──────── RECORDS SHOWN
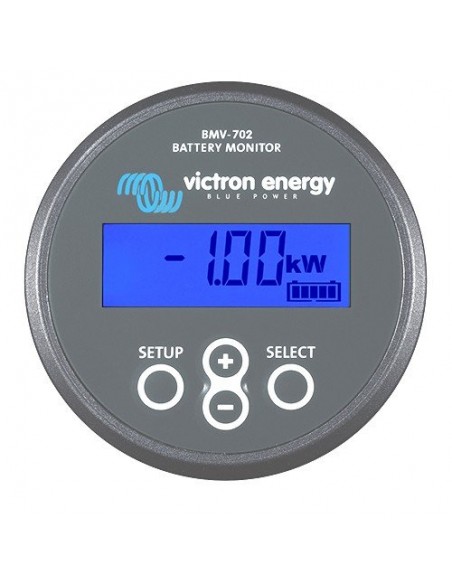 Sistema di Monitoraggio per Batterie BMV-700 Victron Energy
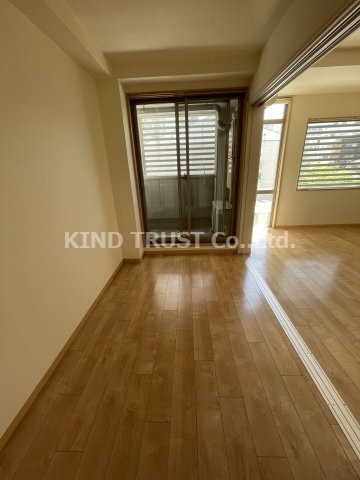 RESIDENCE高千穂の居間・リビング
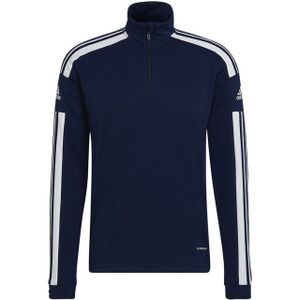 Adidas - Squadra 21 - Trainings Sweatshirt - 100% Gerecycleerd Polyester - Met Lange Mouwen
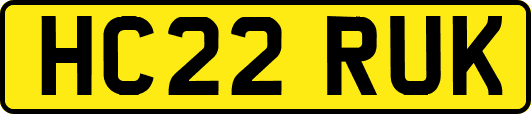 HC22RUK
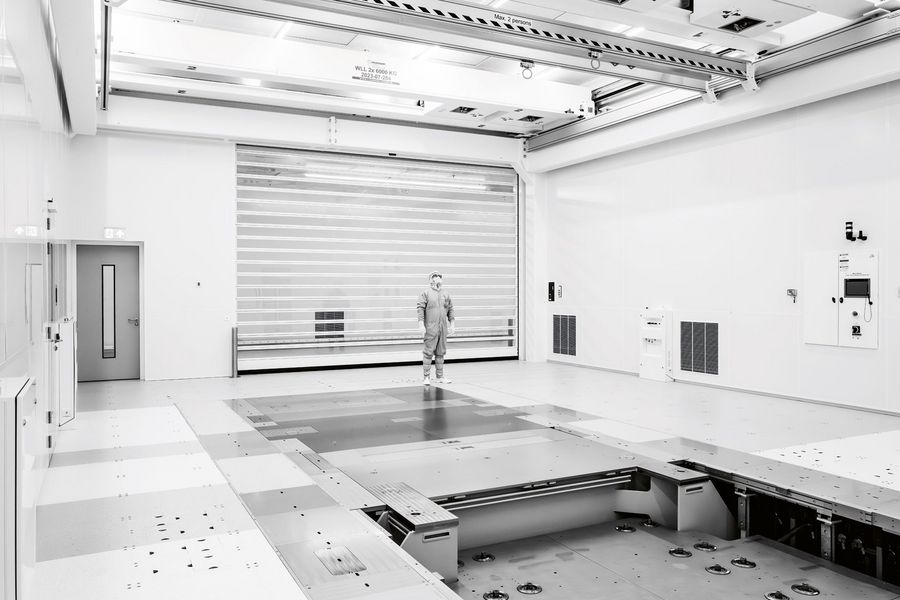 BMV B.V. Cleanrooms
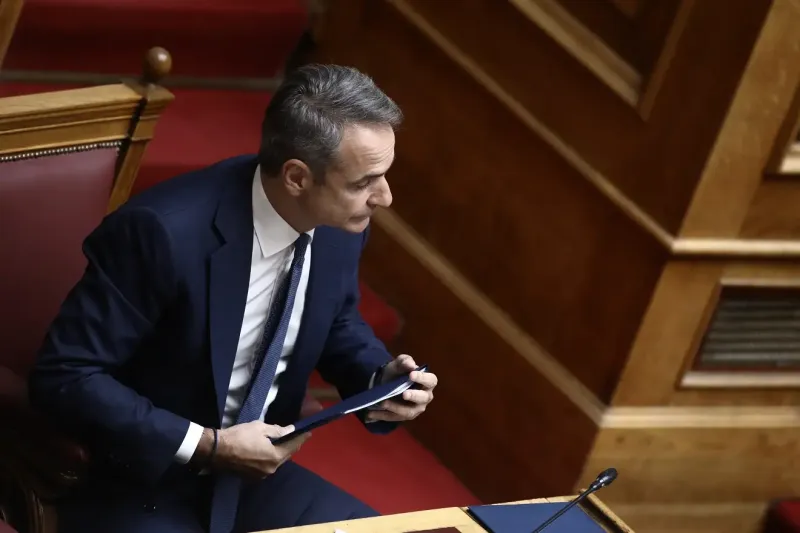 Τουρκικά ΜΜΕ προβάλλουν τις δηλώσεις Μητσοτάκη για τα F-35: «Το θέμα διογκώνεται στην Ελλάδα»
────────────────
Once you have returned the line containing "BMV B.V. Cleanrooms", stop; begin at the first line of the material, keep each line exact, and skip the pictures.

**RESULT**.
 Sistema di Monitoraggio per Batterie BMV-700 Victron Energy
 RESIDENCE高千穂の居間・リビング
 Adidas - Squadra 21 - Trainings Sweatshirt - 100% Gerecycleerd Polyester - Met Lange Mouwen
 HC22RUK
 BMV B.V. Cleanrooms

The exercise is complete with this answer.